Stephen Koseff, Investec Group CEO said, "Sustainability for Investec is about endurance and the interdependence of the three key areas of profit, people and planet. This transaction clearly aligns with that philosophy. And, we are excited to be directly involved with a market leader in Ballard, the fuel cell company best positioned to work with existing customers and to expand the base of installed fuel cell systems."
The common shares to be issued in the proposed transaction have not been registered under the Securities Act, or applicable state securities laws, and accordingly may not be offered or sold in the United States except pursuant to an effective registration statement or an applicable exemption from the registration requirements of the Securities Act and such applicable state securities laws.
About Ballard Power Systems
Ballard Power Systems (TSX: BLD) (NASDAQ: BLDP) provides clean energy fuel cell products enabling optimized power systems for a range of applications.

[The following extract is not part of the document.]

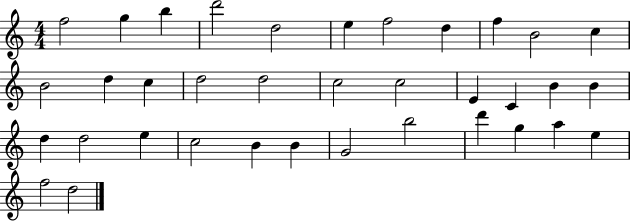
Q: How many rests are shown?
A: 0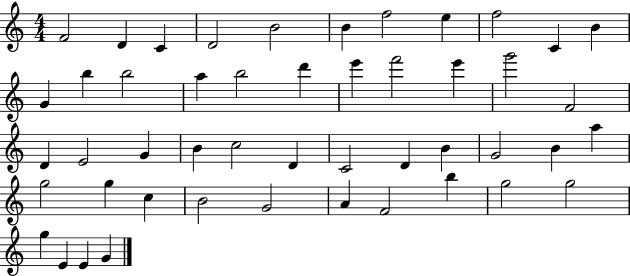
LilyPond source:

Products deliver incomparable performance, durability and versatility. To learn more about Ballard, please visit www.ballard.com.
This release contains forward-looking statements concerning the financial and strategic benefits of the transaction. These forward-looking statements reflect Ballard's current expectations as contemplated under section 27A of the Securities Act of 1933, as amended, and Section 21E of the Securities Exchange Act of 1934, as amended. Any such forward-looking statements are based on Ballard's assumptions relating to its financial forecasts and expectations regarding its product development efforts, manufacturing capacity, and market demand and include the Company's expectations regarding the potential benefits of the proposed transaction and the timing and success of future product development efforts.
These statements involve risks and uncertainties that may cause Ballard's actual results to be materially different, including general economic and regulatory changes, detrimental reliance on third parties, successfully achieving our business plans and achieving and sustaining profitability. For a detailed discussion of these and other risk factors that could affect Ballard's future performance, please refer to Ballard's most recent Annual Information Form. Readers should not place undue reliance on Ballard's forward-looking statements and Ballard assumes no obligation to update or release any revisions to these forward looking statements, other than as required under applicable legislation.